The symphony orchestra The Deutsche Kammerphilharmonie Bremen is a singular case in German cultural landscape. No other is owned by its musicians, who form a legal entity and who are directly involved in all aspects of artistic and financial decision making. Artistic freedom is linked to business risk, and it is this existential paradox which distinguishes the orchestra from its more then 130 professional, highly subsidized orchestras in the Federal Republic of Germany (MIZ 2016). Since its establishment in 1980, The Deutsche Kammerphilharmonie Bremen has steadily grown and established itself among the top orchestras of the world. Next to numerous prices for recordings and the celebrated cycle of Beethoven’s Symphonies, there was another point of interest for the public: the entrepreneurship of the musicians. Their successful, sophisticated democratic structure has led to praise even from the economical world in form of awards (Deutscher Gründerpreis) and invitations to coach and consult. Managing Director Albert Schmitt, former double-bass player of the orchestra, has kept records with this development. Together with a specialist on human resource management, he put his and the orchestra’s experiences and observations into a book on how to train high-performing teams (Scholz, Schmitt 2011). The finding sounds fairly simple: successful high-performing teams, be it classical musicians or a team of surgeons, accept conflicts. More than that, they use conflicts to strengthen their positions, to advance and to outperform. And it is exactly this characteristic of the musicians of The Deutsche Kammerphilharmonie Bremen which proves to be the stepping stone to cultural education.

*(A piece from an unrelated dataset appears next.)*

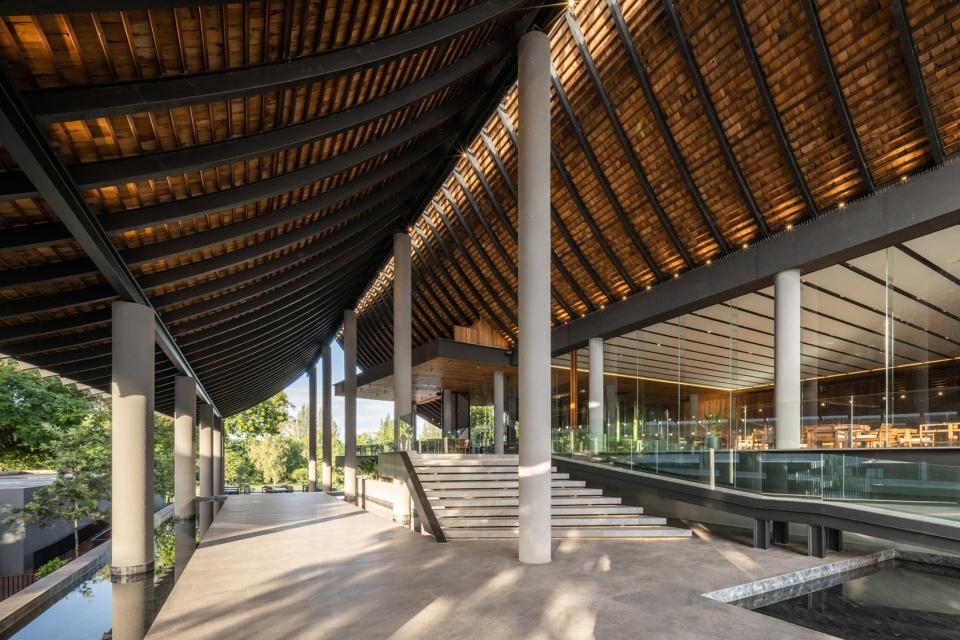 keereetara restaurant by idin architects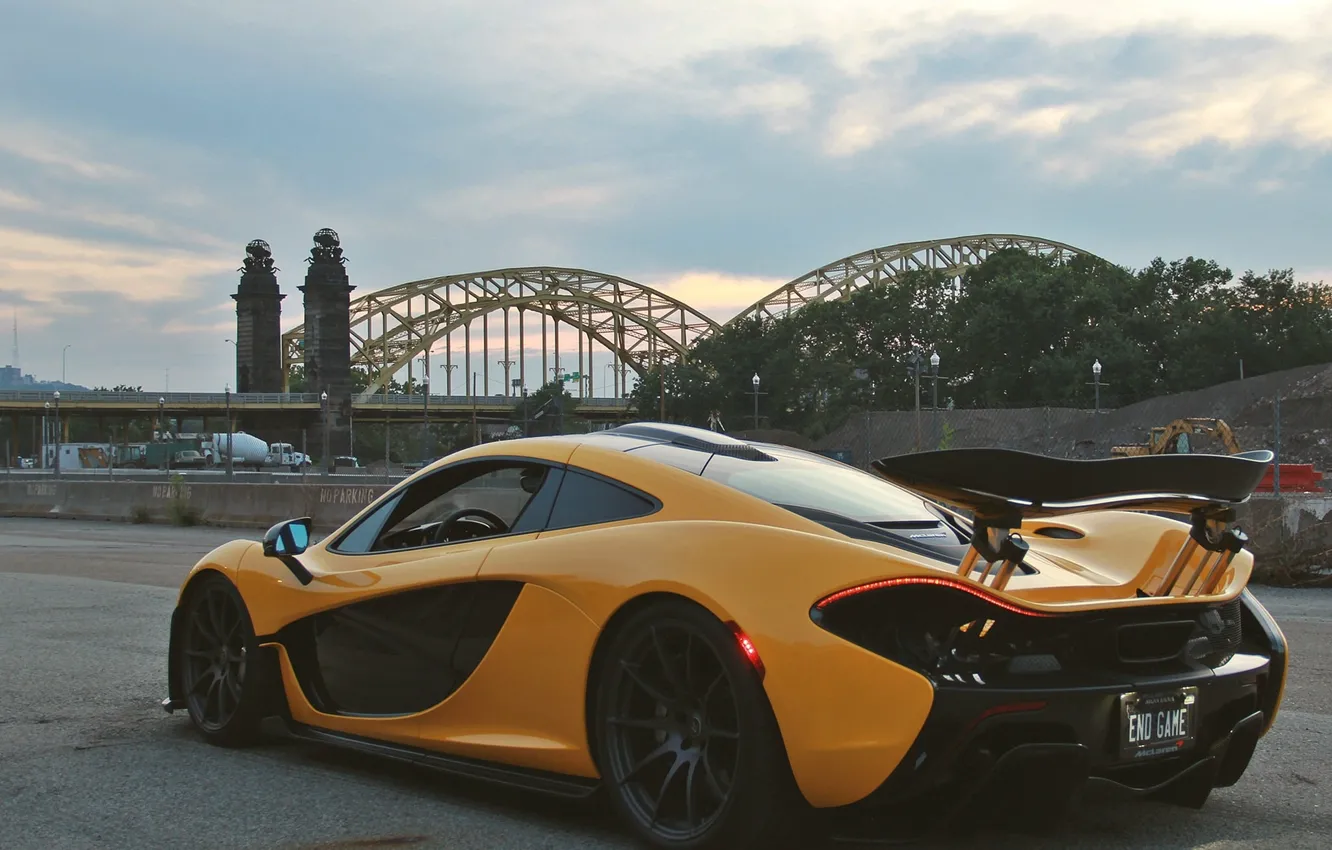 Фото обои мост, McLaren, гиперкар, sports car, McLaren P1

The establishment of the «Future Laboratory» in 2006 made the orchestra’s subliminal obligation to cultural education visible. It marks the move-in of the musicians into their new rehearsal space, the Gesamtschule Bremen-Ost (GSO), a 9-year secondary school with approximately 1000 students. Since the foundation as post-grad student orchestra, The Deutsche Kammerphilharmonie Bremen has always had a strong emphasis on educational work – starting with the simple fact that some musicians wanted to convey contemporary music to their audience. 25 years later, the group had relocated from Frankfurt a.M to the city state of Bremen in Northern Germany and was in need of rehearsal space. The building that was offered to them by the city was far from downtown in a fairly dangerous and unattractive neighbourhood, and to make matters worse, part of a comprehensive school. Any other classical orchestra would have declined – The Deutsche Kammerphilharmonie Bremen accepted and set up a unique experiment: what happens, when a world-renowned orchestra leaves the noble concert hall and moves into a socially challenged community?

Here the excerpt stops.